Life under lockdown (again): In the balance

We’re back into lockdown, and is it too melodramatic to say that Christmas hangs in the balance? Maybe, but as autumn progresses and winter draws closer, it’s hard to tell whether our metaphorical glass is half-full or half-empty.

Everything is a series of difficult trade-offs now. Locking down too hard will cause unnecessary economic damage. Not locking down hard enough risks overrunning the NHS. Either way, there is no best solution – or even a truly good one. There’s merely a choice between one flawed approach and another, in which it is impossible to please all of the people all of the time.

Thursday 5th November

And so we’re officially back into lockdown.

It’s scheduled to end on Wednesday 2nd December, nearly four weeks away. I think it would take either a brave man or a catastrophic failure for it to be extended beyond that date and risk further impinging on Christmas. And if we know one thing about our Prime Minister, Boris Johnson, it’s that he’s not a man for making brave, unpopular decisions.

In truth, very little about today felt different. Thankfully, there hasn’t been the same mad stockpiling that was a key feature of the March lockdown. The kids are still going to school. We’re still working from home. The only obvious change is the cancellation of football and other activities reverting back to Zoom. But at least this time everyone is able to snap back into that routine easily. It’s not the same scramble to come up with new ways of doing things that it was first time around.

The weekend will undoubtedly feel more different. But, despite all the unrest among large sections of the population, it’s nowhere near that same leap into the unknown that March was. We’ll cope.

Saturday 7th November

We set off a few fireworks in our street last night and took advantage of our missing fence panel in the back garden once again. An appropriately socially distanced chat with our neighbours either side of the fire pit was just what the doctor ordered.

This evening we resurrected our Saturday DIY Zoom quiz with our old university friends. This had become a firm part of our weekly routine for nearly three months during the first lockdown. I know it seems so last April now, but devising quiz rounds every week provided a constructive non-work focal point throughout spring and early summer. It was good to get the gang back together again. That should help smooth the passage of the next three or four weekends.

Sunday 8th November

I had a couple of hours to kill in Reading while Toby was sitting his grammar school entrance exams this morning. While a fair number of shops remain open, a significant number are nonetheless shut under the lockdown regulations. The town centre itself was eerily quiet, even at 11am.

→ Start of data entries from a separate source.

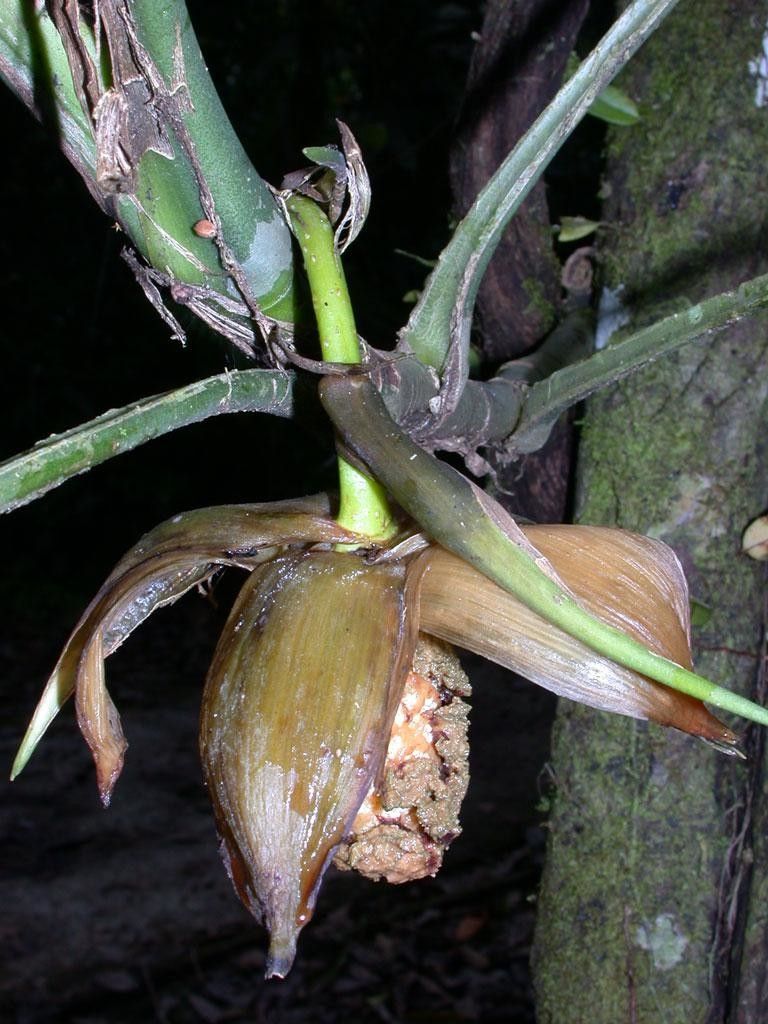 Asplundia multistaminata fruit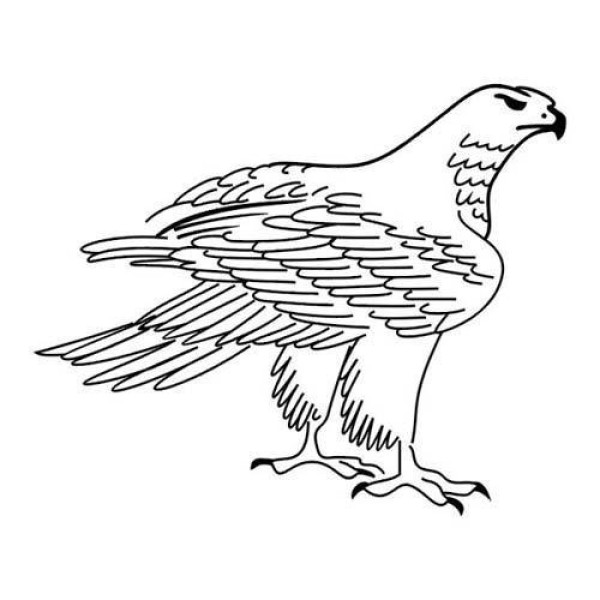 Eagle simple strokes picture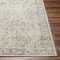 Livabliss Calhoun CAH-2305 Machine Washable Area Rug CAH2305-2773 - alternate 2
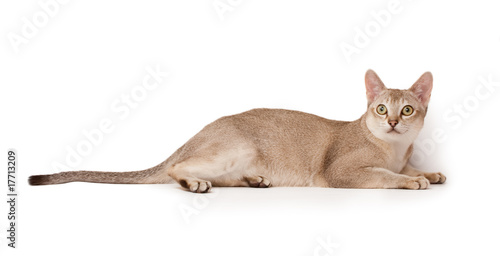Canvas Print Abyssinian cat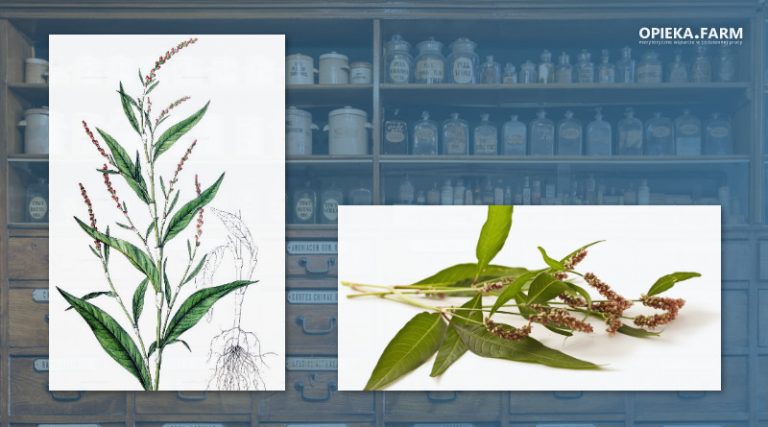 Rdest ostrogorzki – Persicaria hydropiper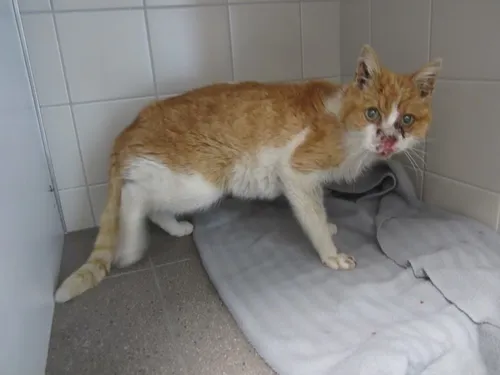 rode kater bothastraat gewond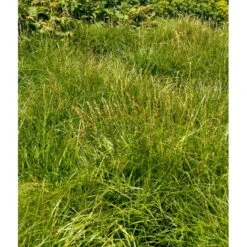 Palmebladsstar Carex Muskingumensis 1 Liter Potte -Planter Salgsbutik mi3837 carex muskingumensis a404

While I still believe a short lockdown is the right thing to do, I can also see why the government has been reluctant to further slow down an economy which is still on its knees after the first lockdown. Normally at this time of year, shoppers are just starting to wind up for Christmas. Not in 2020.

We already do most of our present buying online. That will be even more the case this year and I doubt we’ll be alone in that regard. I’m already starting to think how I can minimise the amount of last-minute shopping I do for Christmas. Normally I’d avoid the worst of the crowds and the overflowing car parks by wandering into town with a backpack a couple of times in the final few days. This year, I’m going to try to cut even that down to a bare minimum.

Tuesday 10th November

There has been a lot of excitement over the last day or so after Pfizer announced trial results that suggest they now have a vaccine which is 90% effective against Covid-19. Enough excitement that the Prime Minister had to call a news conference to remind people that this doesn’t mean we can all start celebrating just yet.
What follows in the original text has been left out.